Annie believes her father’s ashes should remain in the house that he loved, and she goes to extremes to prevent the scattering from happening.
“Are you unwell again?” Chris asks her, continuing, “Are you on medication? . . . I paid for a very expensive psychiatrist —” Annie shoots back, “Didn’t ask you to.”
Soon the two are cursing at each other as they fight over the ashes, with Issy caught in the middle, Erica upset with what’s happening, Leni paying little attention, and Terry trying to calm everyone down. And it only gets worse when Annie decides to sleep in a tent in the backyard, under the tree where her father hanged himself.
Sisters Issy (Ruby Stokes) and Annie (Emma D’Arcy) fight for the family legacy in The Other Place (photo by Maria Baranova)
The eighty-minute play is loosely inspired by Sophocles’s Antigone, the Greek tragedy about honor and shame involving sisters Antigone and Ismene; their brothers, Polynices and Eteocles, who were killed on opposite sides of a civil war; and their uncle Creon, who becomes king and declares that while Eteocles will receive a hero’s burial, Polynices’s body will be left to decay in the desert in disgrace, a fate Antigone refuses to accept and the blind prophet Tiresias predicts will be a mistake. (The siblings’ parents were Oedipus and Jocasta, who suffered their own horrible deaths.)
Writer-director Zeldin (Beyond Caring,Faith Hope and Charity) makes few specific references to Antigone, although he gives the characters names that start with the same letter as in Sophocles’s classic, but several of the underlying themes are the same, from family responsibility and legacy to pride and loyalty. At the center is the fraught relationship between Chris and Annie and how it affects the others, leading to a shocking twist, followed by a tragic conclusion.

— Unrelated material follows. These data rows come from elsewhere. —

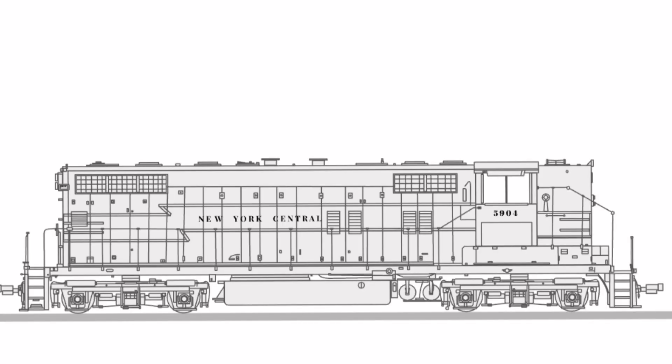Next up is this New York Central GP9, and this is the first one I actually considered to be pretty good. This was the second diesel locomotive I made after the SD40-2, and it was a big step up in terms of detail — now I actually went through and added all the little hinges, all the little doors, and all the little details along the side of the hood. I really liked how this one turned out. The proportions are really nice, the trucks look good, and the New York Central Lightning stripe goes along the side beautifully. This is still actually one of my favorites that I've made.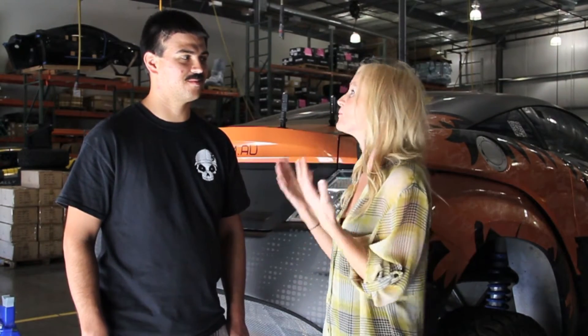Hey Rally Fighter fans, Kate here with Local Motors. Lately on our social channels we've been getting a lot of questions about why the Rally Fighter is rear wheel drive only and is not all wheel drive. So I'm here with Tony, our build floor manager. Tony, answer the burning question for everyone: why is the Rally Fighter rear wheel drive only?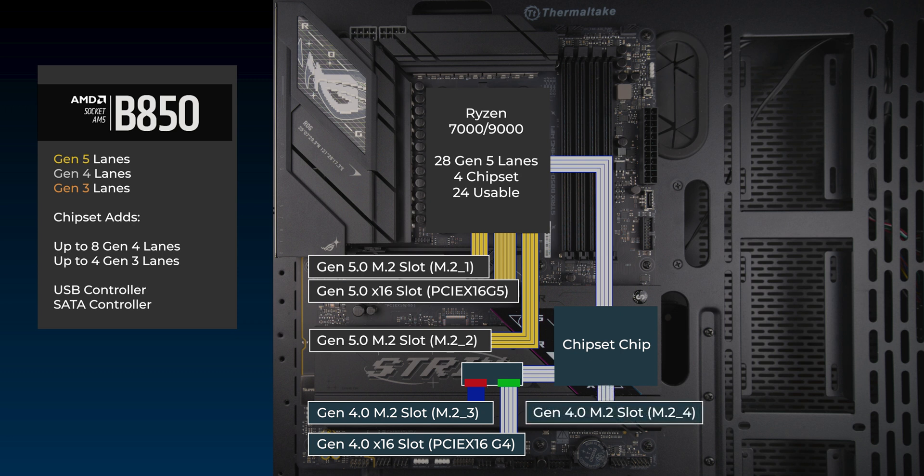4 lanes go to the fourth and final M.2 slot. One lane each goes to the 2.5GB LAN and Wi-Fi 7. The chipset has an integrated SATA controller that connects to two ports.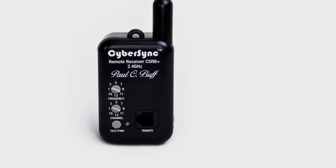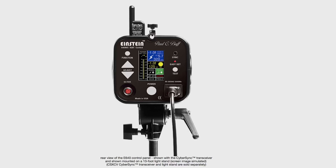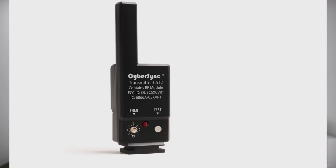To trigger the rear Alien B 800s, I was using a CyberSync — this is called the CSRB+. You can use this to trigger speedlights or additional strobes. The Einsteins come with a little attachment and they're fired by this — it's called the Paul Buff CyberSync. It's very small, and I got it because it's cheaper than PocketWizards, and it also has a trigger built in.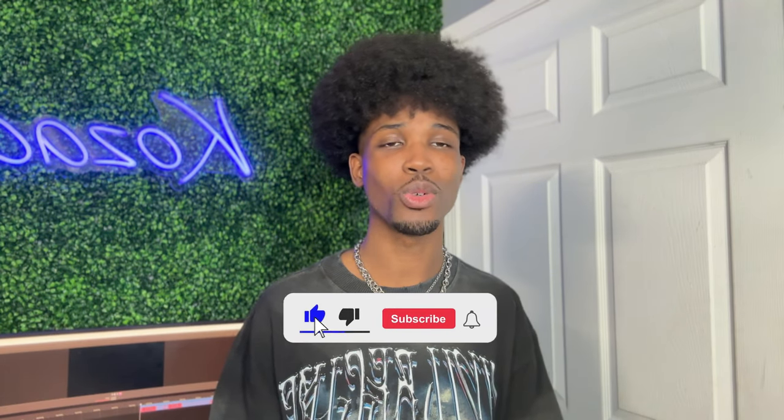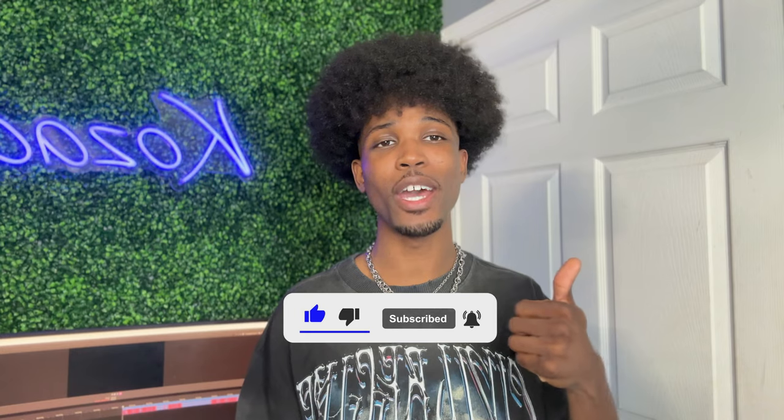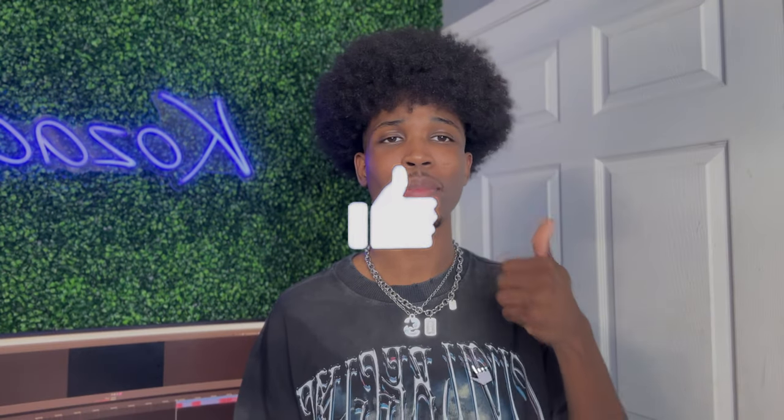If you're new to the channel, be sure to go ahead and subscribe and leave this video a like if you find it helpful to you at all. So go ahead and hit the like button because I know you're going to enjoy it.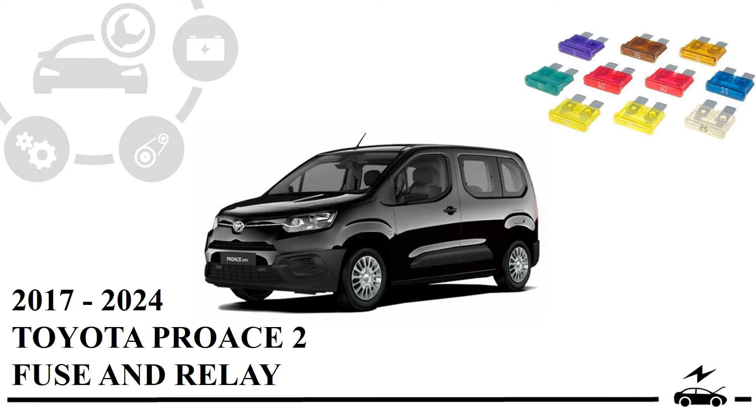Hi! In this video you will overview fuse diagrams, discover fuse box locations inside your car, and learn any fuse and relay assignments.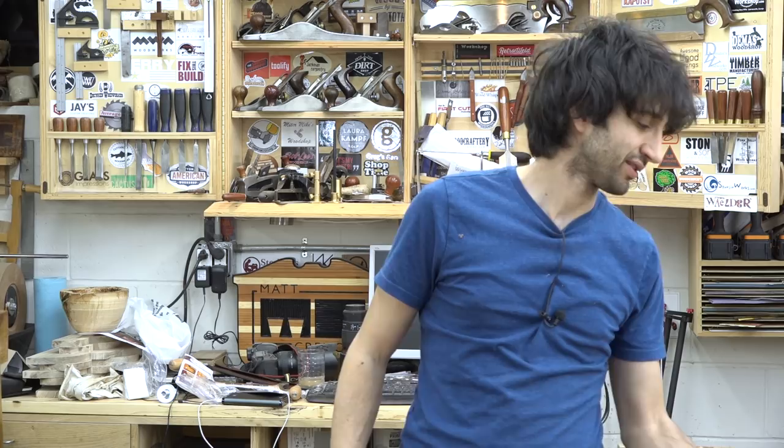Hey everyone, my name is Matt. Welcome to my shop. Today is March 7th, this is my weekly shop update. I have a few things this week: we're gonna take a look at a little bit of an update on the bed project, some milling I've been doing outside in the sawmill, a new plane in the shop, and we'll also take a look at some viewer projects. Let's start outside and take a look at the mill.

“What I think is there are people who are suffering and you can’t go through your life as if they aren’t there and you don’t help them. If everyone did that, what kind of world would that be?” Erica asks early on. “Euh, like this one,” Leni responds. “That’s funny,” Annie says. “Thanks, Leni,” Chris adds sarcastically.
Rosanna Vize’s set is an open living room and kitchen, with newly installed sliding glass doors in the back that both reflect the actors and provide views of the forestlike backyard, depending on the positioning of a large, overhead rectangular lightbox that at one point rotates until it magically disappears. (The lighting is by James Farncombe; Vize also designed the contemporary costumes.) Josh Anio Grigg’s sound features one unnecessary jump scare while regularly competing with Yannis Philippakis’s original synthesizer score, which ranges from an ominous, ghostly drone to more cinematic flourishes that can become intrusive.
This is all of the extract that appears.